11. Section 10 of the Act provides for applications for prospecting licences or mining leases being made to the State Government by a person interested. Section 11 deals with the preferential right amongst such applicants for the grant of a lease. Sub-section (1) of Section 11 confers a preferential right on a person, who had already been granted a reconnaissance permit or prospecting licence. We are not concerned with that provision in this case.

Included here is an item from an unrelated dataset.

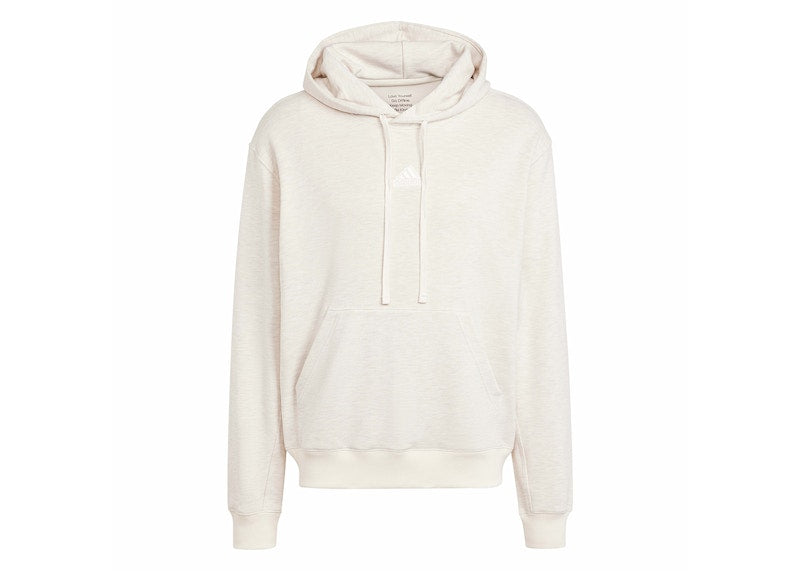 adidas Lounge French Terry Colored Melange Hoodie Non-Dyed Mel.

Sub-section (2) of Section 11 provides that in a case where the Government has not notified a particular area in the official gazette as being available, and two or more persons have applied for a mining lease, the applicant whose application was received earlier shall have a preferential right to be considered for grant of a mining lease over the applicant whose application was received later.

According to the proviso, in a case where the State Government had invited applications, all applications received during the period specified for the making of such application and applications which had been received prior to the publication of the notification inviting applications and which are pending, shall be deemed to have been received on the same day for the purpose of assigning priority under sub- section (2). In other words, all applications received until the dead line fixed, had to be considered on the same footing. The further proviso indicates that where such applications are received on the same day, the Government may take into consideration the matters specified in sub-section (3) and may grant the mining lease to such one of the applicants as it may deem fit. Sub-section (3) sets out the matters to be considered. They include, the special knowledge or experience of the applicant, financial resources of the applicant, the nature and quality of the technical staff employed or to be employed by the applicant, the investment which the applicant proposes to make and such other matters as may be prescribed. Sub-section (4) provides that subject to the preferential right available to a reconnaissance permit holder or a prospecting licensee, all applications received pursuant to a notification by the State Government during the period specified in the Notification shall be considered simultaneously as if they all had been received on the same day and the Government had to take into consideration the matters specified in sub-section (3) and grant the lease to such one of the applicants as it deemed fit. Sub-section (5) of Section 11 has particular relevance in respect of the grant to Nava Bharat, since Nava Bharat entered the fray only after this Court had directed that the balance area of 855.476 hectares be allotted to the four applicants other than TISCO that were in the fray at that stage. We think it appropriate to set down here, sub-section (5) of Section 11 with the proviso thereto:

"11(5). Notwithstanding anything contained in sub-section (2), but subject to the provisions of sub-section (1), the State Government may, for any special reasons to be recorded, grant a reconnaissance permit, prospecting licence or mining lease, as the case may be, to an applicant whose application was received later in preference to an applicant whose application was received earlier.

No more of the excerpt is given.